You specify a constant for distribute by or cluster by in a SQL statement.

Solution: Check whether the operations based on a constant are necessary. We recommend that you cancel these operations to prevent the system from forcefully calling only one instance to execute tasks.

An excessively large or small number of instances are called

Important

The execution performance does not always become better as the concurrency increases. If you call an excessively large number of instances for a job, the execution speed may decrease due to the following reasons:

An excessively large number of instances lead to a longer period of time to wait for resources and a larger number of waits in queues.
It takes time to initialize each instance. The higher the concurrency, the longer the total time taken by the initialization, and the lower the percentage of valid execution time.

In the following scenarios, the system forcefully calls an excessively large number of instances.

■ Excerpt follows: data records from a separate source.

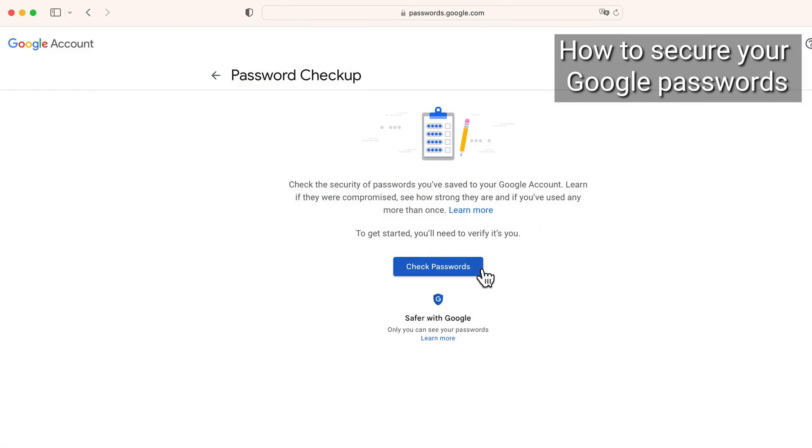A pop-up will appear informing you that the Password Checkup is here to check the security and strength of your passwords — to see if they were compromised and/or if you use them more than once. This is a really good tool. Click Check Passwords.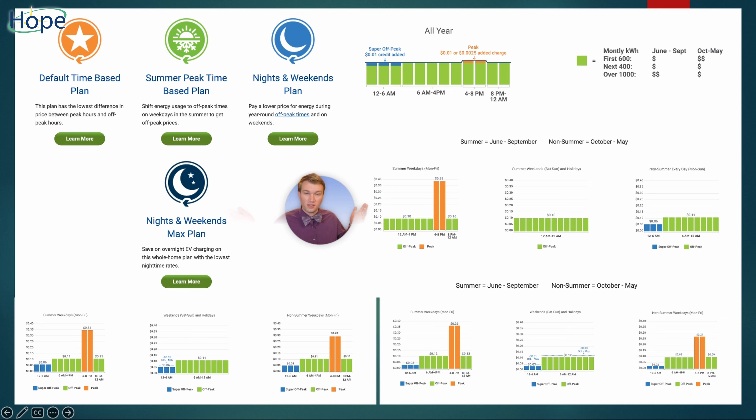This visual might seem a little intimidating, but my electric company offers four different types of time-dependent billing. The first is the default time-based plan, which is representative of this graph and is very similar to how they used to charge. The next is the summer peak time-based plan — the plan I use — where they charge $0.38 a kilowatt hour between 4 and 8 p.m. in summer, which runs June to September. The other hours are $0.10 a kilowatt hour. They don't do peak hours during weekends because those peak hours are normally dependent on people coming home from work.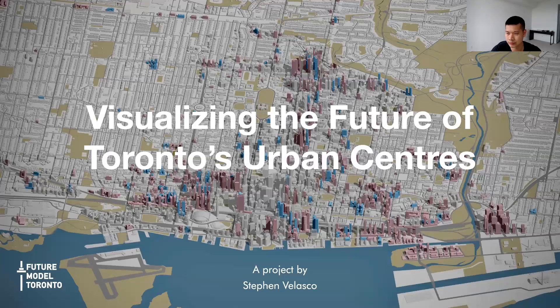Thanks to Civic Tech Toronto for organizing tonight's event. I'm really looking forward to sharing about the future of development in Toronto. This is going to be a highly visual presentation, so I definitely recommend viewing this on as large a screen as possible.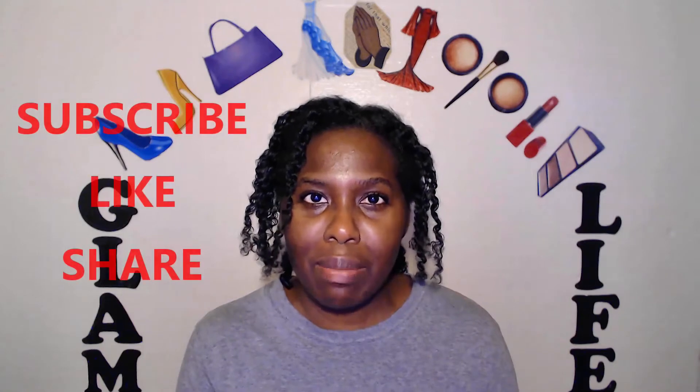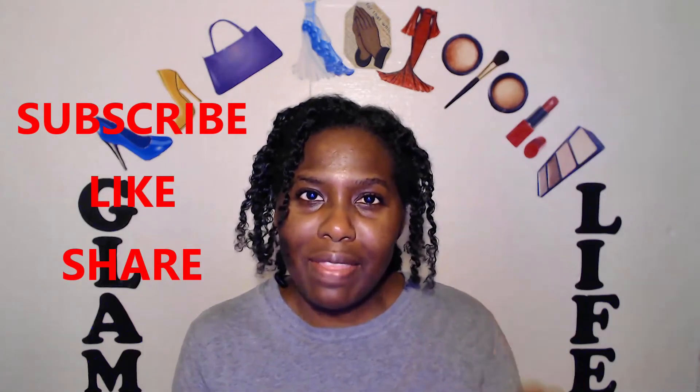Hey Glam! This is your host again, Natanya with The Glam Life, where I'll be providing complete beauty tips, techniques, and testimonials to reveal the glam in you. If you are new to this channel, please click that red subscribe button below. And once again, thank you to all my returning viewers, subscribers, as well as followers.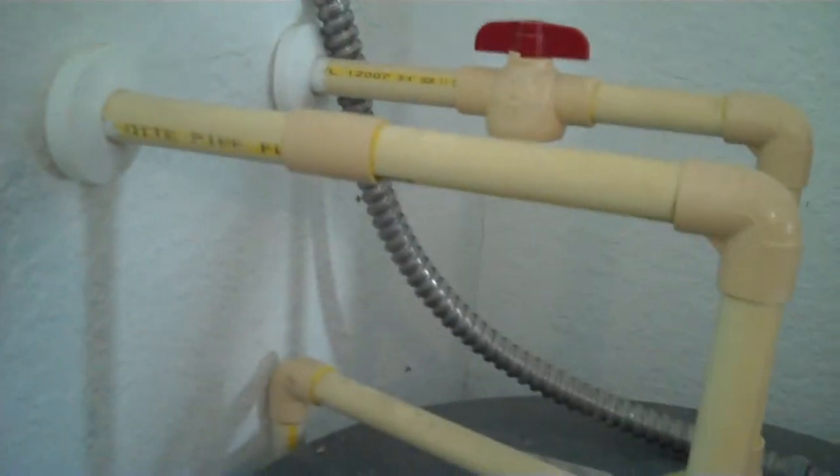Again, piped in CPVC. It looks like it's piped to code. Looks okay, it's heating. I tested the hot water inside the house and it is heating.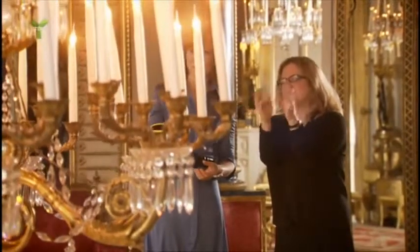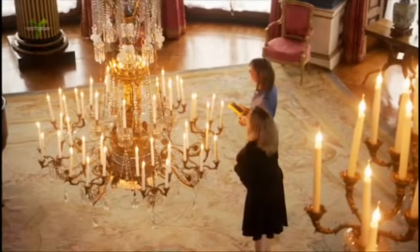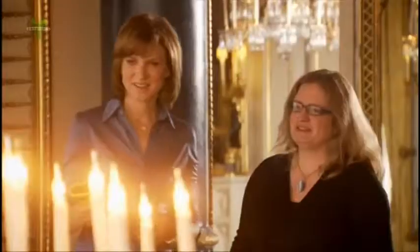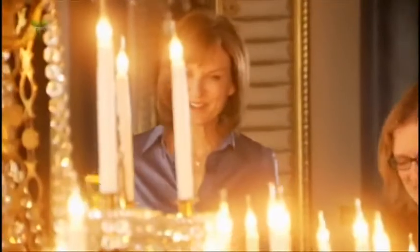The candle branches have these little drip pans and they were designed to catch the hot wax. But nevertheless, I suspect that some ladies may have got hot wax on their lovely dresses. Amazing to see it at our level, really close up — incredible, the detail.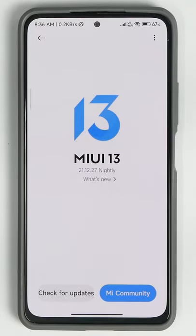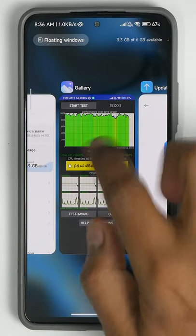Welcome to another YouTube Shorts. MIUI 13 is out and it's time to look at the benchmark numbers on the Mi 11X with MIUI 13.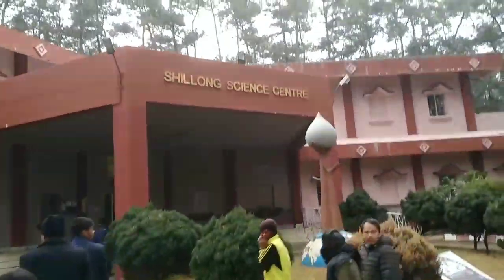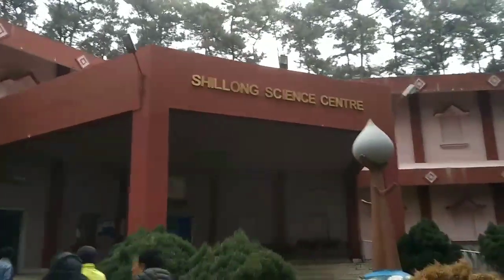So now we are entering the building. That building is called Silong Science Center.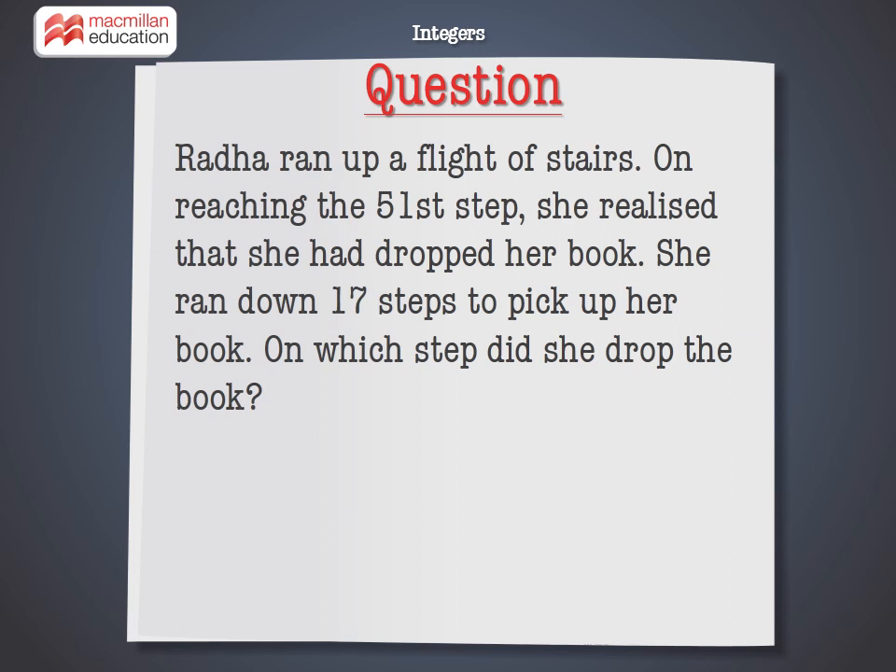Radha ran up a flight of stairs. On reaching the 51st step, she realized that she had dropped her book. She ran down 17 steps to pick up her book. On which step did she drop the book?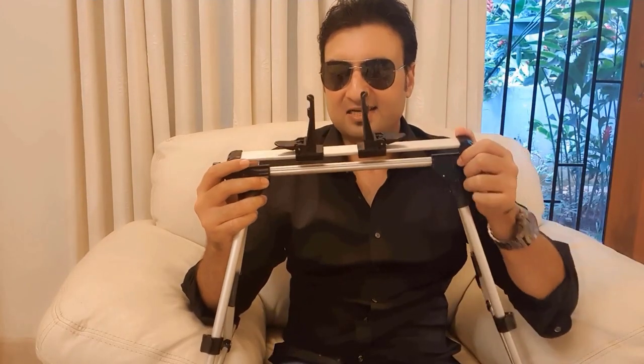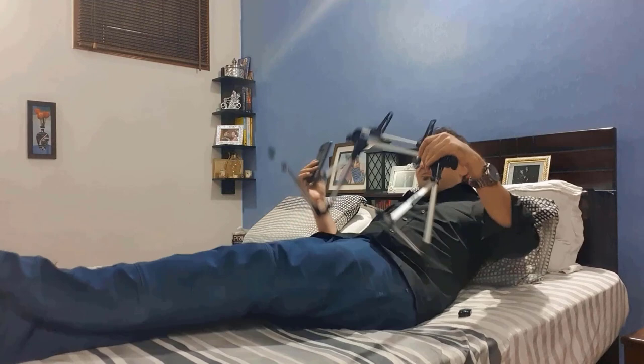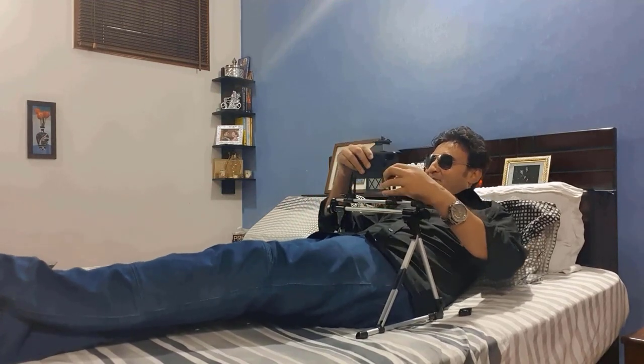You can change the angle of the stand and you can also reduce the height of it. If you want to watch something while lying down, you can just lie down, place this on you, and keep your phone over here. This is so convenient.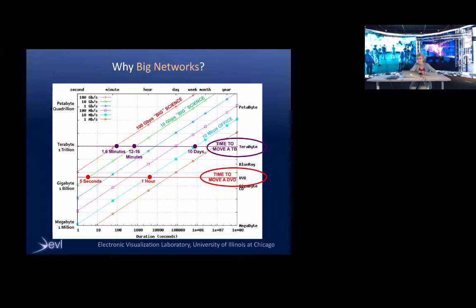Besides collaborating in one room, we like to collaborate over distance and are interested in big networks. In your office, people have 10 or 100 megabits of bandwidth, but there is now 100 gigabits of bandwidth connecting many research institutions worldwide. To move a terabyte of data over 10 megabits would take 10 days; over 100 gigabits, it would take 1.6 minutes. Imagine the productivity increases with bigger, faster networks. In fact, terabytes are small today — people are thinking about petabytes of information.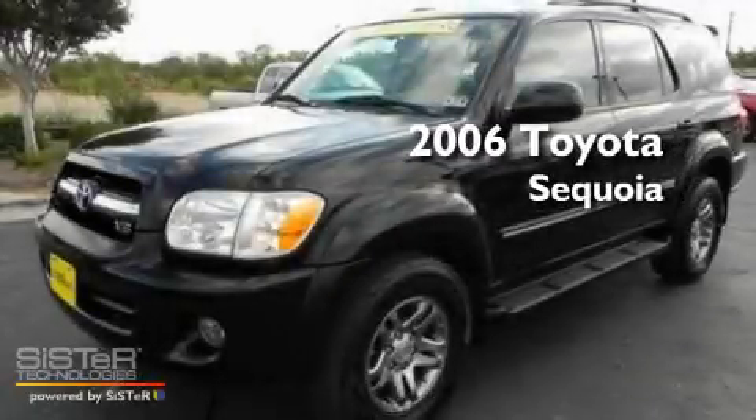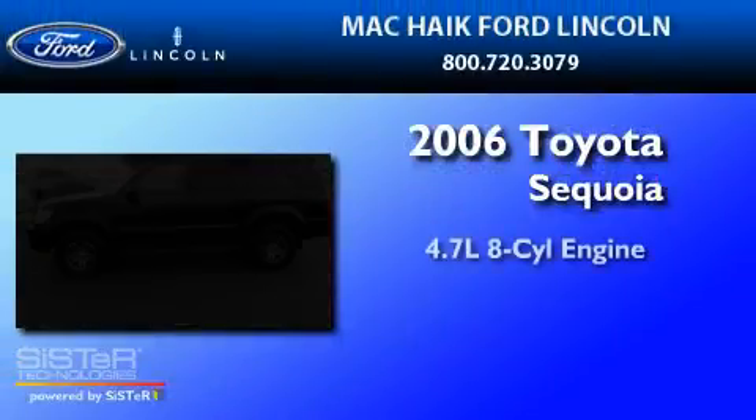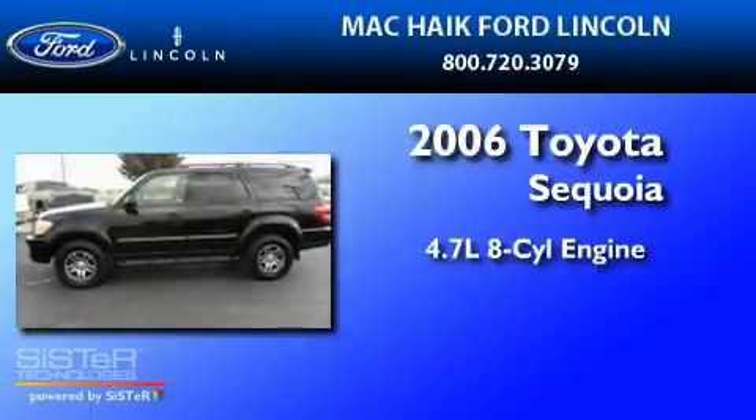This is a 2006 Toyota Sequoia. It has a 4.7-liter, eight-cylinder engine, a five-speed automatic transmission, and four-wheel drive.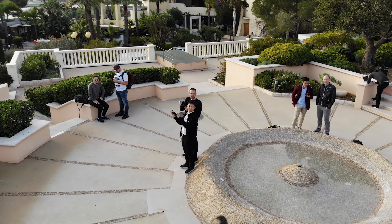The Mavic Air is available to pre-order now and comes in three colors — red, white, and black — with prices starting from £769 or $799.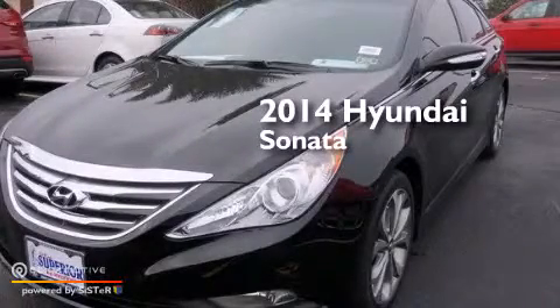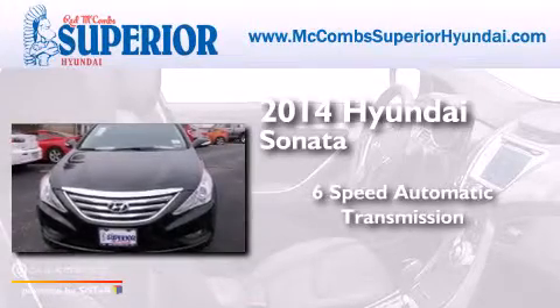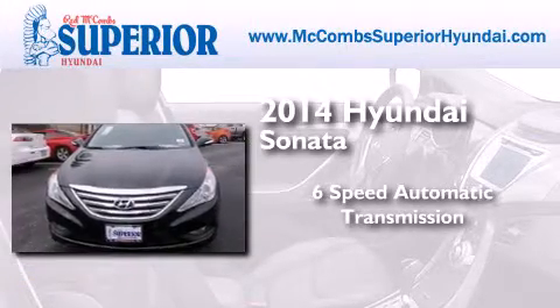This is a brand new 2014 Hyundai Sonata. This four-door sedan has a six-speed automatic transmission and an inline four-cylinder engine.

The system must read data from many small-sized partitions. For example, if you execute an SQL statement to read data from 10,000 partitions, the system forcefully calls 10,000 instances.
Solution: Optimize your SQL statements to reduce the number of partitions from which you want to read data. For example, you can prune the partitions that do not need to be read or split a large job into multiple small jobs.
Reading only 256 MB of data at a time is insufficient. This causes short instance execution times. If the total input data is large, this results in an excessively high degree of parallelism, which causes instances to spend most of their time queuing for resources.
Solution: Run the following commands to decrease the maximum number of instances that can be concurrently called for a reduce task. In this case, the amount of data that is processed on each instance increases.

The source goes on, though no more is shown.